I followed the bag off the plane at Chicago and stopped long enough to cancel the rest of my ticket. There was no use wasting the money for the unused fare from Chicago to Manila. I rode into the city in a combination bus-truck less than six feet from my little point-of-interest. During the ride I managed to dig the superscript.

It forwarded the letter to Ladysmith, Wisconsin, and from there to a rural route that I couldn't understand although I got the number.

Then I went back to Midway Airport and found to my disgust that the Chicago Airport did not have a bar. I dug into this oddity for a moment until I found out that the Chicago Airport was built on Public School Property and that according to law, they couldn't sell anything harder than soda pop within three hundred feet of public school property, no matter who rented it. So I dawdled in the bar across Cicero Avenue until plane time, and took an old propeller-driven Convair to Eau Claire on a daisy-clipping ride that stopped at every wide spot on the course. From Eau Claire the mail bag took off in the antediluvian Convair but I took off by train because the bag was scheduled to be dropped by guided glider into Ladysmith.
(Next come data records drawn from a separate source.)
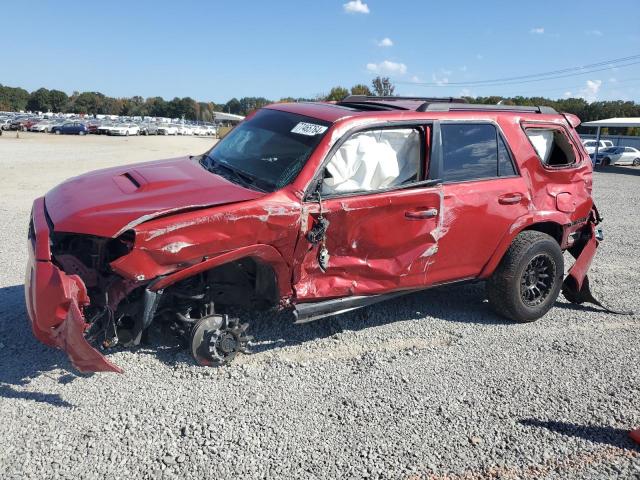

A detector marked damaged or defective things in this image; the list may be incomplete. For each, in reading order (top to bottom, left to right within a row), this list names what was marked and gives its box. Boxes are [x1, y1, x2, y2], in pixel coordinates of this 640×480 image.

damaged front bumper [25, 197, 123, 374]
dented door [292, 187, 442, 302] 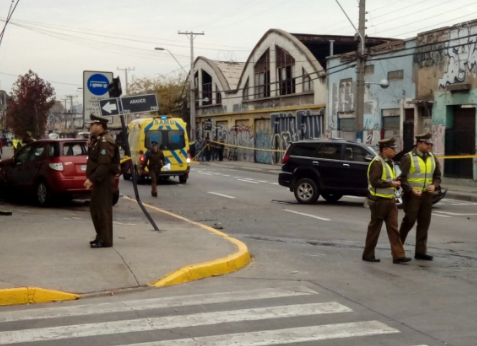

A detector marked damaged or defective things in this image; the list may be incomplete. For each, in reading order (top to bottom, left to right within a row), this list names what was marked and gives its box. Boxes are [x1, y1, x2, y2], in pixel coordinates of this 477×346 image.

broken window [276, 46, 294, 95] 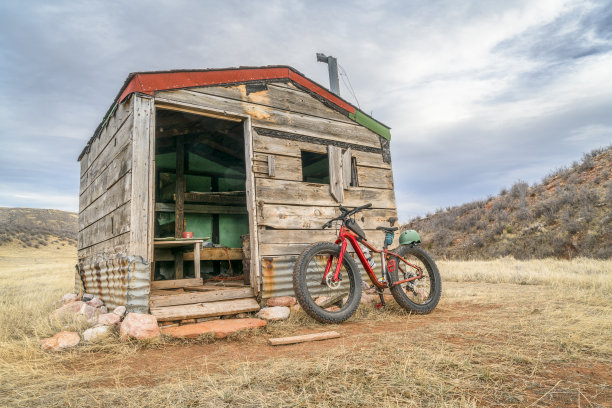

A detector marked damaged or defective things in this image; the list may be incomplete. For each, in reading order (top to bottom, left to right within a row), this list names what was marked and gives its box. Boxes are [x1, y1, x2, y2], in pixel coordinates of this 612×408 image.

At Ladysmith I rented a car, checked the rural routes, and took off about the same time as my significant hunk of mail.

Nine miles from Ladysmith is a flagstop called Bruce, and not far from Bruce there is a body of water slightly larger than a duck pond called Caley Lake.

A backroad, decorated with ornamental metal signs, led me from Bruce, Wisconsin, to Caley Lake, where the road signs showed a missing spoke.

I turned in, feeling like Ferdinand Magellan must have felt when he finally made his passage through the Strait to discover the open sea that lay beyond the New World. I had done a fine job of tailing and I wanted someone to pin a leather medal on me. The side road wound in and out for a few hundred yards, and then I saw Phillip Harrison.

He was poking a long tool into the guts of an automatic pump, built to lift water from a deep well into a water tower about forty feet tall. He did not notice my arrival until I stopped my rented car beside him and said:

"Being a mechanical engineer and an esper, Phil, I can tell you that you have a—"

"A worn gasket seal," he said. "It doesn't take an esper engineer to figure it out. How the heck did you find us?"